--- Stored data ---

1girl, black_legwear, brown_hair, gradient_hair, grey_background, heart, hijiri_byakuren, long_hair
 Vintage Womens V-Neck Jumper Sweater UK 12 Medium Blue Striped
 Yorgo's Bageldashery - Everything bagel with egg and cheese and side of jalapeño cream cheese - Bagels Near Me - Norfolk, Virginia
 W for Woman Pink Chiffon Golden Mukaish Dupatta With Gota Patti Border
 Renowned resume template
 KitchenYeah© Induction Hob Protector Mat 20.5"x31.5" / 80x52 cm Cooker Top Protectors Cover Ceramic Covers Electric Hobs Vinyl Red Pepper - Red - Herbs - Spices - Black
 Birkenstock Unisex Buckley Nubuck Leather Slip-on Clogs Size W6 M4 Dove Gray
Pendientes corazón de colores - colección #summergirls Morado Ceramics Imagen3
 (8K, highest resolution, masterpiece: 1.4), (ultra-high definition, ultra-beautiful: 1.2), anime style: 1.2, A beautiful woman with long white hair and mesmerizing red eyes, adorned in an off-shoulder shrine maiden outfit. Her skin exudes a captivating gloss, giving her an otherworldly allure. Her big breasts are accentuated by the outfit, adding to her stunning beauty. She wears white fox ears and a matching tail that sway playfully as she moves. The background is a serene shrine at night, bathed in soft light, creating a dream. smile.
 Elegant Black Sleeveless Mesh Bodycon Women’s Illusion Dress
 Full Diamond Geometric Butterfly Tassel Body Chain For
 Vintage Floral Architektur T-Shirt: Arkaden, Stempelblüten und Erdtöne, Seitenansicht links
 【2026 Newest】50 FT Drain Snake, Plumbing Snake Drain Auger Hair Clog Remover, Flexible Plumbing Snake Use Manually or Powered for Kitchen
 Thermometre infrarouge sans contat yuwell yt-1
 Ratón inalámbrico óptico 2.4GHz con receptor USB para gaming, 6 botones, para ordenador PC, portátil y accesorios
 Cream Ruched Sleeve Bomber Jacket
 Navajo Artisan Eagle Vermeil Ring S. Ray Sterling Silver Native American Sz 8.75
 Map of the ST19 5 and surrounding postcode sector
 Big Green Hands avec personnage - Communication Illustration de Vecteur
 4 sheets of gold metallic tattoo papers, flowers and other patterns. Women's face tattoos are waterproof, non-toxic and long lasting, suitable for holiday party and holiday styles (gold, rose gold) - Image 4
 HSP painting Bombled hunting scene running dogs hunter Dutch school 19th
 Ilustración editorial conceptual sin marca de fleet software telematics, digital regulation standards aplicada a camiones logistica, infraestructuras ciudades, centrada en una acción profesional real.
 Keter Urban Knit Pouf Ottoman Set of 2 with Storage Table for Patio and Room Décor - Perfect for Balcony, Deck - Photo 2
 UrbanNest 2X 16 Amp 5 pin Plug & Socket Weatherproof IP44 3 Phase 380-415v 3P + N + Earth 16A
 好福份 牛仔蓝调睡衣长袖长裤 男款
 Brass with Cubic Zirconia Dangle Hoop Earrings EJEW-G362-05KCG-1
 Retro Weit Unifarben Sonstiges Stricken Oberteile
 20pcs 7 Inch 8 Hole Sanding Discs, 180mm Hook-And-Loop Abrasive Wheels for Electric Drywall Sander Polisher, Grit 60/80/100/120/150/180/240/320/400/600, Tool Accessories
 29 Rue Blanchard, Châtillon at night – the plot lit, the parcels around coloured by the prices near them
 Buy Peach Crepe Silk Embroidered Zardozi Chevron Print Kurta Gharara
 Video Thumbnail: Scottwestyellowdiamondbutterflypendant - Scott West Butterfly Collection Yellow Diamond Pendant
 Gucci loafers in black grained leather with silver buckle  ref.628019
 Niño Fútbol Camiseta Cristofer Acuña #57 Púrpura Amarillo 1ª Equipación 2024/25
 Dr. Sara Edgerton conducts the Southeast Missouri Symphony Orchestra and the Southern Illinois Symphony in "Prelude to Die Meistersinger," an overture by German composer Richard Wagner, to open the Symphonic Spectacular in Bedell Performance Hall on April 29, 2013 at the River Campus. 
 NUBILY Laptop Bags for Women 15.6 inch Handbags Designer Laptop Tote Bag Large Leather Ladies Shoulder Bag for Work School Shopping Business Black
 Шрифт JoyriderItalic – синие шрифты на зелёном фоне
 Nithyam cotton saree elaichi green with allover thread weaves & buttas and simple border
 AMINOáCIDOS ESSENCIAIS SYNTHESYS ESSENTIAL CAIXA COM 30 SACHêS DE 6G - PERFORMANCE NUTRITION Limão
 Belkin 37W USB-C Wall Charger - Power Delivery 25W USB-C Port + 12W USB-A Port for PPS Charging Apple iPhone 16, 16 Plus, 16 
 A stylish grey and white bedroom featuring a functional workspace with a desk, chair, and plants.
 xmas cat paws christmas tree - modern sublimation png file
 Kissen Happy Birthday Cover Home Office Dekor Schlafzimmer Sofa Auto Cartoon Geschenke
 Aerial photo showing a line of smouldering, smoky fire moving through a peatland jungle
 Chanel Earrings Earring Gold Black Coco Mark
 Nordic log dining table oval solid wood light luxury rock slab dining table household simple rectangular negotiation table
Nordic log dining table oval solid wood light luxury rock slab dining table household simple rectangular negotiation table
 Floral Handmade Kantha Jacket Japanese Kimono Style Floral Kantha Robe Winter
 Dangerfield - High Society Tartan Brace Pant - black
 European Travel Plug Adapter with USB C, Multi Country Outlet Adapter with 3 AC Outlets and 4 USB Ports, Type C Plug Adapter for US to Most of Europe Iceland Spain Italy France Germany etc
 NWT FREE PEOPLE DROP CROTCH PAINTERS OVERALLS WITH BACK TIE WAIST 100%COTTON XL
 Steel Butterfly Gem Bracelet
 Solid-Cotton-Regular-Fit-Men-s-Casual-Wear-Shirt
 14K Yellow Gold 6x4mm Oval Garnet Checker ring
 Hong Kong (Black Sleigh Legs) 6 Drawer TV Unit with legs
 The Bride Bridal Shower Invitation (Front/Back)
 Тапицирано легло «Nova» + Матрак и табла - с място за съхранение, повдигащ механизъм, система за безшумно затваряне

---

• [Aim of the task] Your task is to transcribe the material, which must come out exactly as written.

• [Output of the task]
1girl, black_legwear, brown_hair, gradient_hair, grey_background, heart, hijiri_byakuren, long_hair
 Vintage Womens V-Neck Jumper Sweater UK 12 Medium Blue Striped
 Yorgo's Bageldashery - Everything bagel with egg and cheese and side of jalapeño cream cheese - Bagels Near Me - Norfolk, Virginia
 W for Woman Pink Chiffon Golden Mukaish Dupatta With Gota Patti Border
 Renowned resume template
 KitchenYeah© Induction Hob Protector Mat 20.5"x31.5" / 80x52 cm Cooker Top Protectors Cover Ceramic Covers Electric Hobs Vinyl Red Pepper - Red - Herbs - Spices - Black
 Birkenstock Unisex Buckley Nubuck Leather Slip-on Clogs Size W6 M4 Dove Gray
Pendientes corazón de colores - colección #summergirls Morado Ceramics Imagen3
 (8K, highest resolution, masterpiece: 1.4), (ultra-high definition, ultra-beautiful: 1.2), anime style: 1.2, A beautiful woman with long white hair and mesmerizing red eyes, adorned in an off-shoulder shrine maiden outfit. Her skin exudes a captivating gloss, giving her an otherworldly allure. Her big breasts are accentuated by the outfit, adding to her stunning beauty. She wears white fox ears and a matching tail that sway playfully as she moves. The background is a serene shrine at night, bathed in soft light, creating a dream. smile.
 Elegant Black Sleeveless Mesh Bodycon Women’s Illusion Dress
 Full Diamond Geometric Butterfly Tassel Body Chain For
 Vintage Floral Architektur T-Shirt: Arkaden, Stempelblüten und Erdtöne, Seitenansicht links
 【2026 Newest】50 FT Drain Snake, Plumbing Snake Drain Auger Hair Clog Remover, Flexible Plumbing Snake Use Manually or Powered for Kitchen
 Thermometre infrarouge sans contat yuwell yt-1
 Ratón inalámbrico óptico 2.4GHz con receptor USB para gaming, 6 botones, para ordenador PC, portátil y accesorios
 Cream Ruched Sleeve Bomber Jacket
 Navajo Artisan Eagle Vermeil Ring S. Ray Sterling Silver Native American Sz 8.75
 Map of the ST19 5 and surrounding postcode sector
 Big Green Hands avec personnage - Communication Illustration de Vecteur
 4 sheets of gold metallic tattoo papers, flowers and other patterns. Women's face tattoos are waterproof, non-toxic and long lasting, suitable for holiday party and holiday styles (gold, rose gold) - Image 4
 HSP painting Bombled hunting scene running dogs hunter Dutch school 19th
 Ilustración editorial conceptual sin marca de fleet software telematics, digital regulation standards aplicada a camiones logistica, infraestructuras ciudades, centrada en una acción profesional real.
 Keter Urban Knit Pouf Ottoman Set of 2 with Storage Table for Patio and Room Décor - Perfect for Balcony, Deck - Photo 2
 UrbanNest 2X 16 Amp 5 pin Plug & Socket Weatherproof IP44 3 Phase 380-415v 3P + N + Earth 16A
 好福份 牛仔蓝调睡衣长袖长裤 男款
 Brass with Cubic Zirconia Dangle Hoop Earrings EJEW-G362-05KCG-1
 Retro Weit Unifarben Sonstiges Stricken Oberteile
 20pcs 7 Inch 8 Hole Sanding Discs, 180mm Hook-And-Loop Abrasive Wheels for Electric Drywall Sander Polisher, Grit 60/80/100/120/150/180/240/320/400/600, Tool Accessories
 29 Rue Blanchard, Châtillon at night – the plot lit, the parcels around coloured by the prices near them
 Buy Peach Crepe Silk Embroidered Zardozi Chevron Print Kurta Gharara
 Video Thumbnail: Scottwestyellowdiamondbutterflypendant - Scott West Butterfly Collection Yellow Diamond Pendant
 Gucci loafers in black grained leather with silver buckle  ref.628019
 Niño Fútbol Camiseta Cristofer Acuña #57 Púrpura Amarillo 1ª Equipación 2024/25
 Dr. Sara Edgerton conducts the Southeast Missouri Symphony Orchestra and the Southern Illinois Symphony in "Prelude to Die Meistersinger," an overture by German composer Richard Wagner, to open the Symphonic Spectacular in Bedell Performance Hall on April 29, 2013 at the River Campus. 
 NUBILY Laptop Bags for Women 15.6 inch Handbags Designer Laptop Tote Bag Large Leather Ladies Shoulder Bag for Work School Shopping Business Black
 Шрифт JoyriderItalic – синие шрифты на зелёном фоне
 Nithyam cotton saree elaichi green with allover thread weaves & buttas and simple border
 AMINOáCIDOS ESSENCIAIS SYNTHESYS ESSENTIAL CAIXA COM 30 SACHêS DE 6G - PERFORMANCE NUTRITION Limão
 Belkin 37W USB-C Wall Charger - Power Delivery 25W USB-C Port + 12W USB-A Port for PPS Charging Apple iPhone 16, 16 Plus, 16 
 A stylish grey and white bedroom featuring a functional workspace with a desk, chair, and plants.
 xmas cat paws christmas tree - modern sublimation png file
 Kissen Happy Birthday Cover Home Office Dekor Schlafzimmer Sofa Auto Cartoon Geschenke
 Aerial photo showing a line of smouldering, smoky fire moving through a peatland jungle
 Chanel Earrings Earring Gold Black Coco Mark
 Nordic log dining table oval solid wood light luxury rock slab dining table household simple rectangular negotiation table
Nordic log dining table oval solid wood light luxury rock slab dining table household simple rectangular negotiation table
 Floral Handmade Kantha Jacket Japanese Kimono Style Floral Kantha Robe Winter
 Dangerfield - High Society Tartan Brace Pant - black
 European Travel Plug Adapter with USB C, Multi Country Outlet Adapter with 3 AC Outlets and 4 USB Ports, Type C Plug Adapter for US to Most of Europe Iceland Spain Italy France Germany etc
 NWT FREE PEOPLE DROP CROTCH PAINTERS OVERALLS WITH BACK TIE WAIST 100%COTTON XL
 Steel Butterfly Gem Bracelet
 Solid-Cotton-Regular-Fit-Men-s-Casual-Wear-Shirt
 14K Yellow Gold 6x4mm Oval Garnet Checker ring
 Hong Kong (Black Sleigh Legs) 6 Drawer TV Unit with legs
 The Bride Bridal Shower Invitation (Front/Back)
 Тапицирано легло «Nova» + Матрак и табла - с място за съхранение, повдигащ механизъм, система за безшумно затваряне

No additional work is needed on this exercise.